Each entry is to be retyped without alteration, and no picture is to be included.
---------- Available data
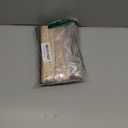 Retro Cotton Linen Teal Table Runner Geometric Rectangle Plate Mat Dresser Scarves, Rustic Wooden Plank Outdoor Rug Runner for Coffee Dining Banquet Home Decor 13x120 inch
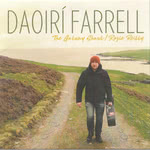 Daoirí Farrell: A Lifetime of Happiness (Daoirí Recordings DAOIRICD003)
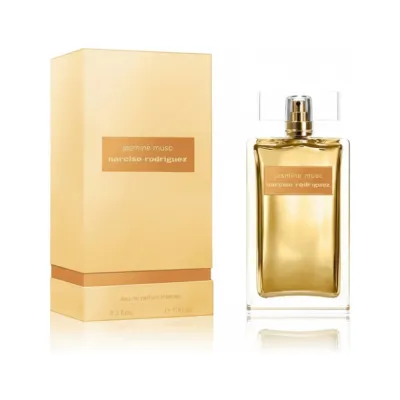 عطر نارسيسو رودريغز جاسمين مسك انتنس او دو بارفيوم 100 مل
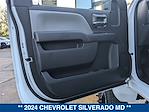 New 2024 Chevrolet Silverado 5500 Work Truck Regular Cab 4x4, 11' 6" Knapheide Drop Side Dump Truck for sale #24662 - photo 10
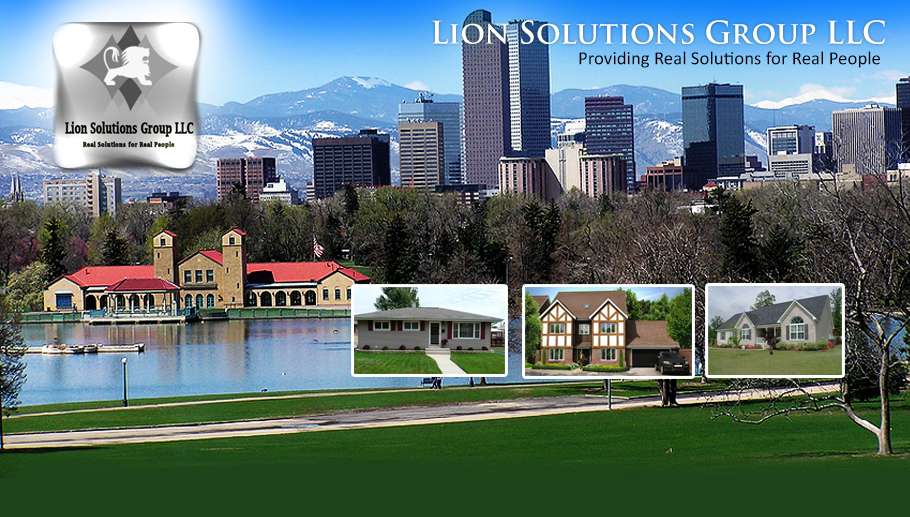 Lion Solutions Group LLC | 2205 W 136th Ave, Broomfield, CO 80023 | Phone: (720) 271-3771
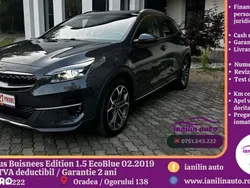 Gri Utilizat 2021 Kia XCeed Spirit SUV | 17.791 EUR (Preț OK)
--------------------
> [Answer]
 Retro Cotton Linen Teal Table Runner Geometric Rectangle Plate Mat Dresser Scarves, Rustic Wooden Plank Outdoor Rug Runner for Coffee Dining Banquet Home Decor 13x120 inch
 Daoirí Farrell: A Lifetime of Happiness (Daoirí Recordings DAOIRICD003)
 عطر نارسيسو رودريغز جاسمين مسك انتنس او دو بارفيوم 100 مل
 New 2024 Chevrolet Silverado 5500 Work Truck Regular Cab 4x4, 11' 6" Knapheide Drop Side Dump Truck for sale #24662 - photo 10
 Lion Solutions Group LLC | 2205 W 136th Ave, Broomfield, CO 80023 | Phone: (720) 271-3771
 Gri Utilizat 2021 Kia XCeed Spirit SUV | 17.791 EUR (Preț OK)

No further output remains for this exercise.